WORK INSTRUCTIONS – Leaving out the pictures, please retype each record exactly.

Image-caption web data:
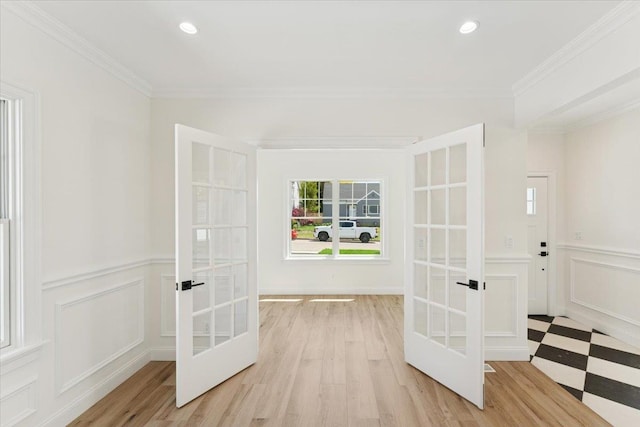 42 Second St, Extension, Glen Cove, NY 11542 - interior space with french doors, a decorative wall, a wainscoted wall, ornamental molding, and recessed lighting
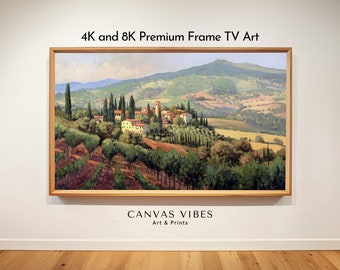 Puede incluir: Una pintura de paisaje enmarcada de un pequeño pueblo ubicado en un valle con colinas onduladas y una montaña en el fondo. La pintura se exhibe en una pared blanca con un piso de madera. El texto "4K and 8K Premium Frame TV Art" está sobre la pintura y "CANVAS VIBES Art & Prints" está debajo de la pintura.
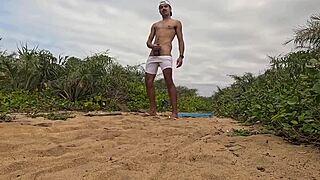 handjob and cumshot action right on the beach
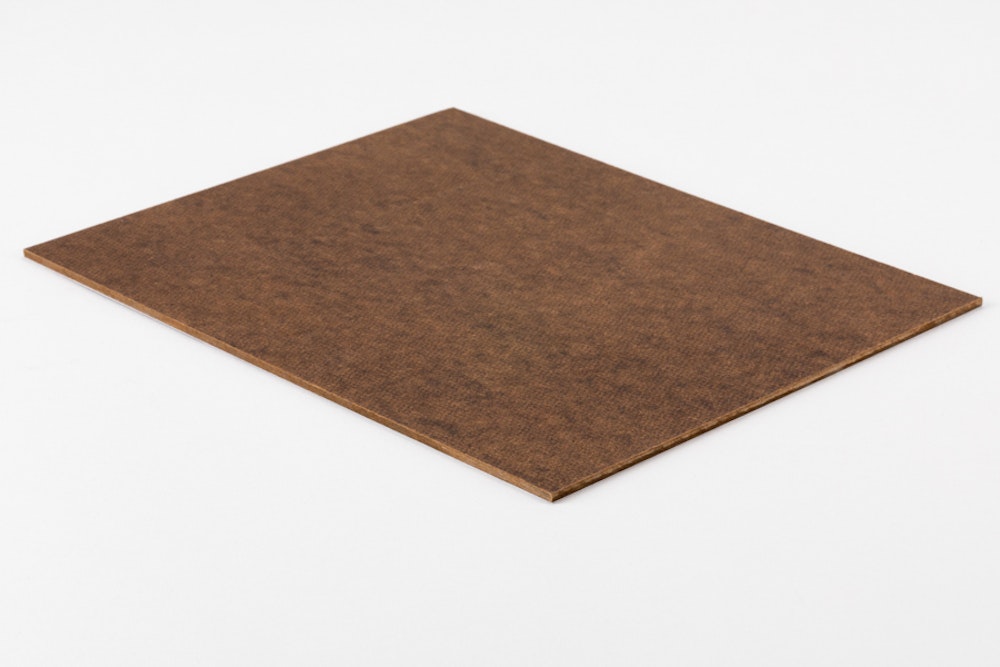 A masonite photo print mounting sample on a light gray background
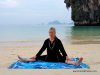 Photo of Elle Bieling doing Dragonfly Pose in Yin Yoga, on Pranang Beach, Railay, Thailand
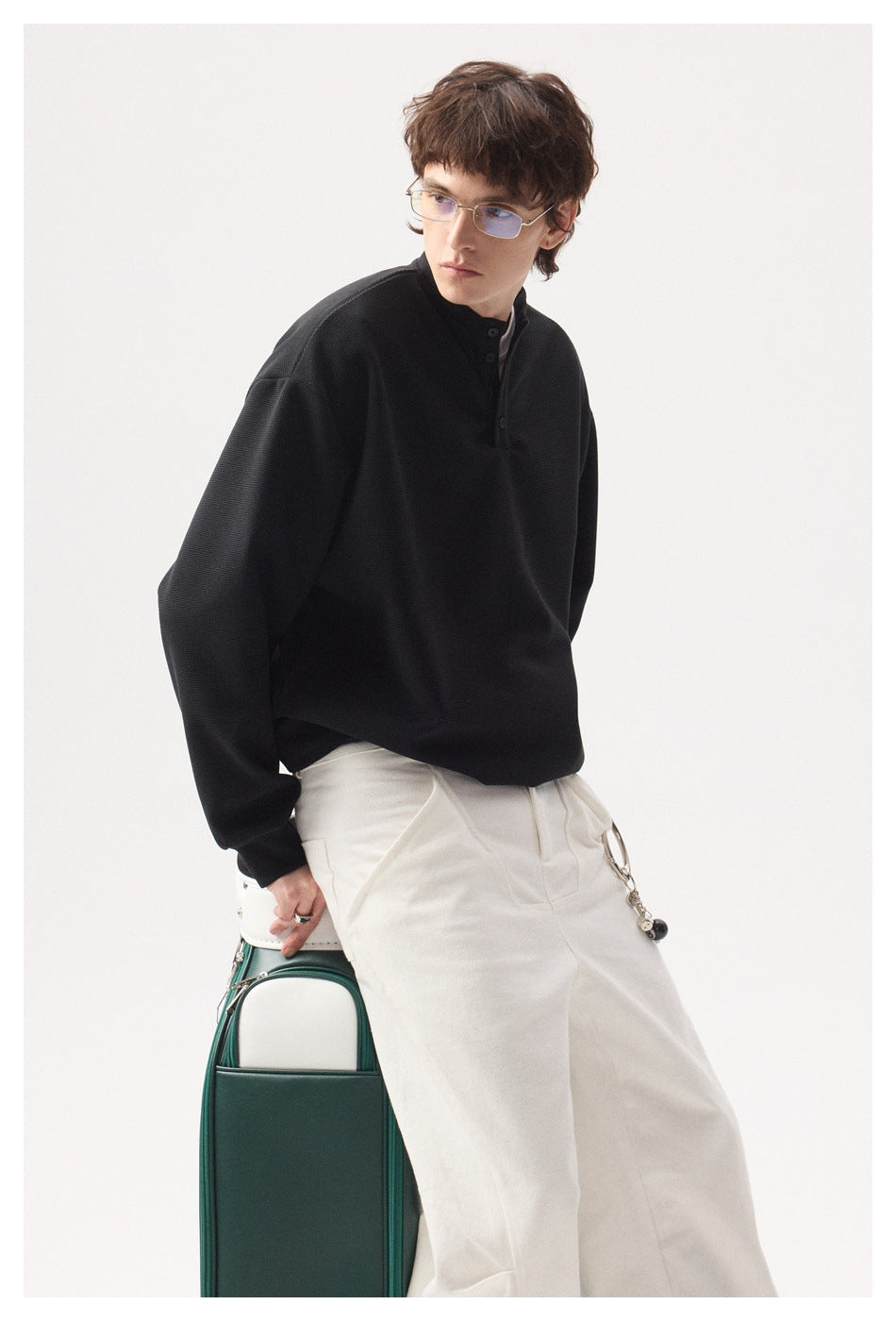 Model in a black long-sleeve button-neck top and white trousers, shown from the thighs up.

ANSWER TO THE PROBLEM –
 42 Second St, Extension, Glen Cove, NY 11542 - interior space with french doors, a decorative wall, a wainscoted wall, ornamental molding, and recessed lighting
 Puede incluir: Una pintura de paisaje enmarcada de un pequeño pueblo ubicado en un valle con colinas onduladas y una montaña en el fondo. La pintura se exhibe en una pared blanca con un piso de madera. El texto "4K and 8K Premium Frame TV Art" está sobre la pintura y "CANVAS VIBES Art & Prints" está debajo de la pintura.
 handjob and cumshot action right on the beach
 A masonite photo print mounting sample on a light gray background
 Photo of Elle Bieling doing Dragonfly Pose in Yin Yoga, on Pranang Beach, Railay, Thailand
 Model in a black long-sleeve button-neck top and white trousers, shown from the thighs up.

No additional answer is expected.